Action item>
Exactly as they appear, print the line with "海贼王：佩服红发香克斯6大理由" and each line after it through the end of the entries below; leave out pictures.

______

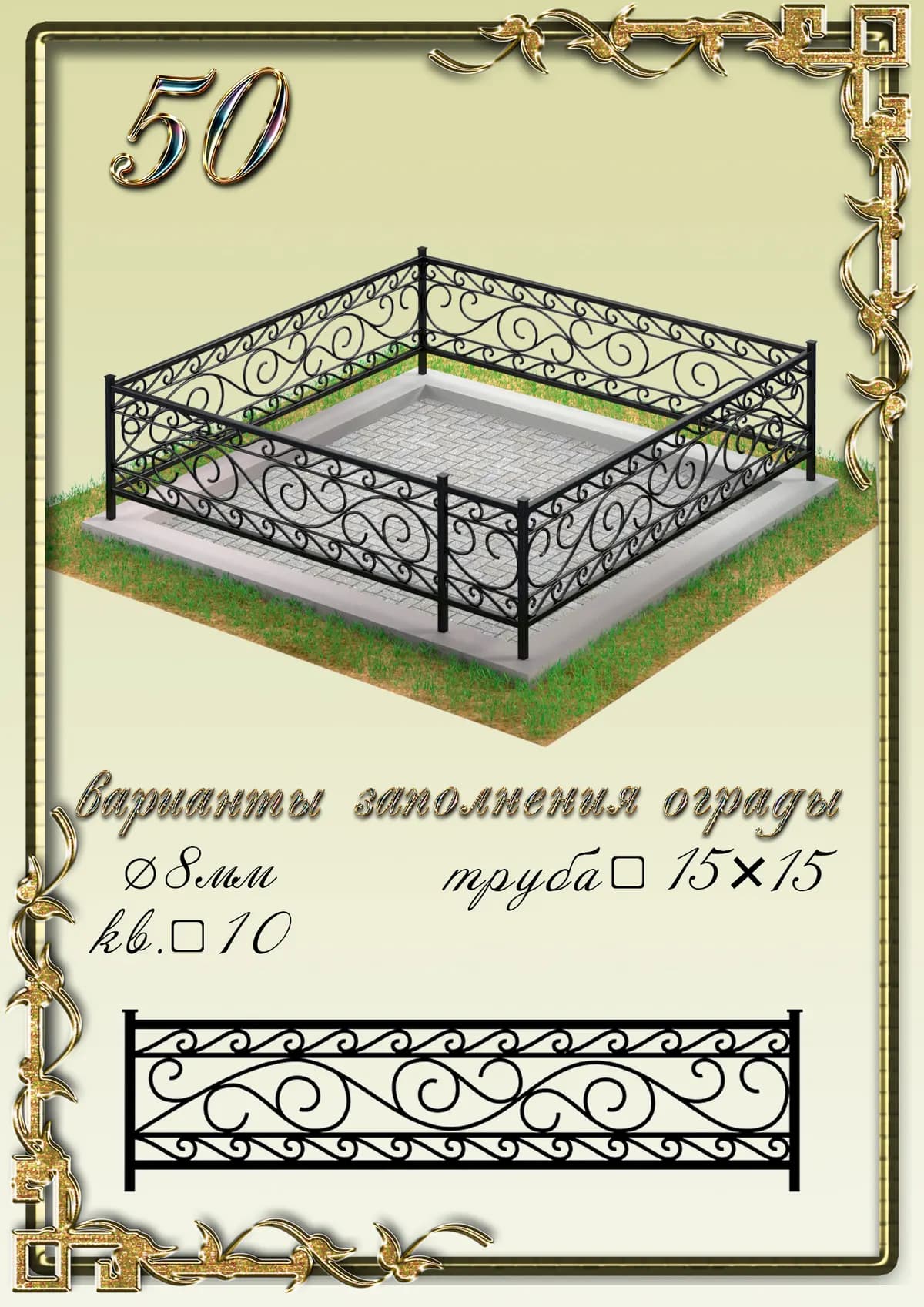 Ограда на могилу — модель 50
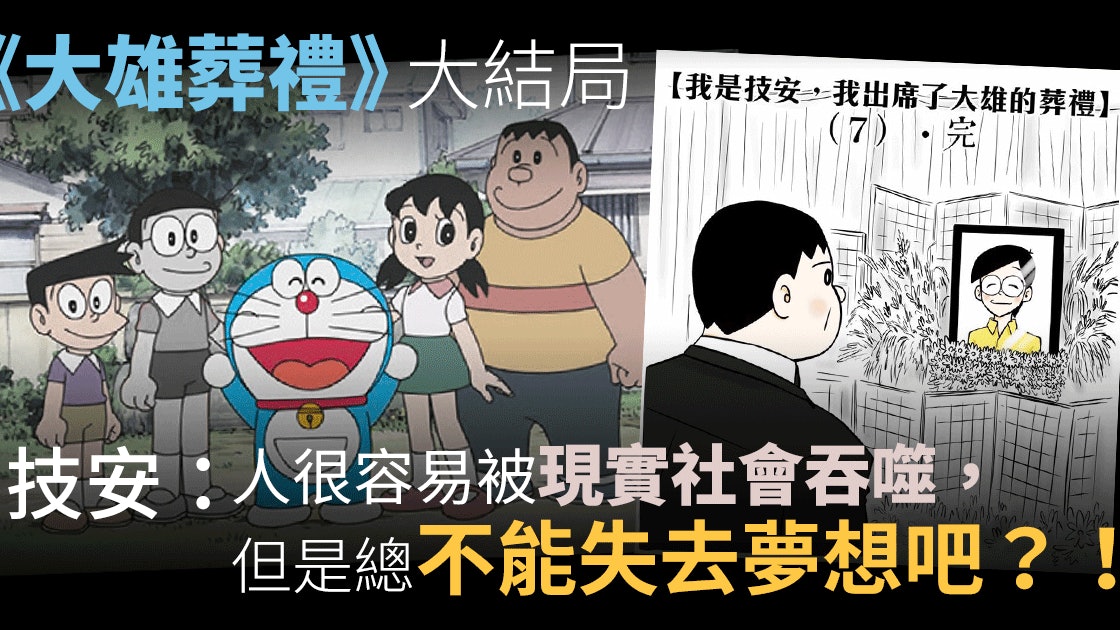港產叮噹 大雄葬禮 最終回 穿越時空卻難敵命運作弄 香港01 熱 港產叮噹 大雄葬禮 最終回 穿越時空卻難敵命運作弄 香港01 熱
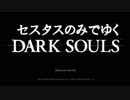 セスタスだけで行くDARK SOULS part1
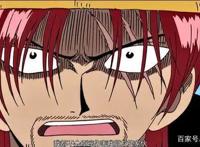 海贼王：佩服红发香克斯6大理由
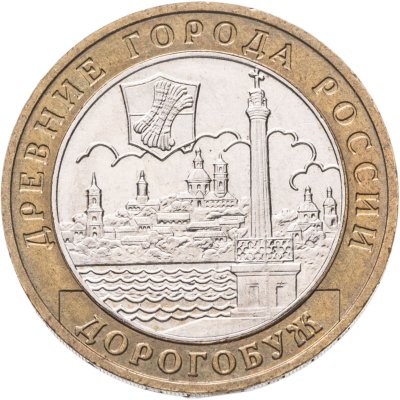 купить 10 рублей 2003 ММД "Дорогобуж (древние города России, ДГР)"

______

Finished task>
 海贼王：佩服红发香克斯6大理由
 купить 10 рублей 2003 ММД "Дорогобуж (древние города России, ДГР)"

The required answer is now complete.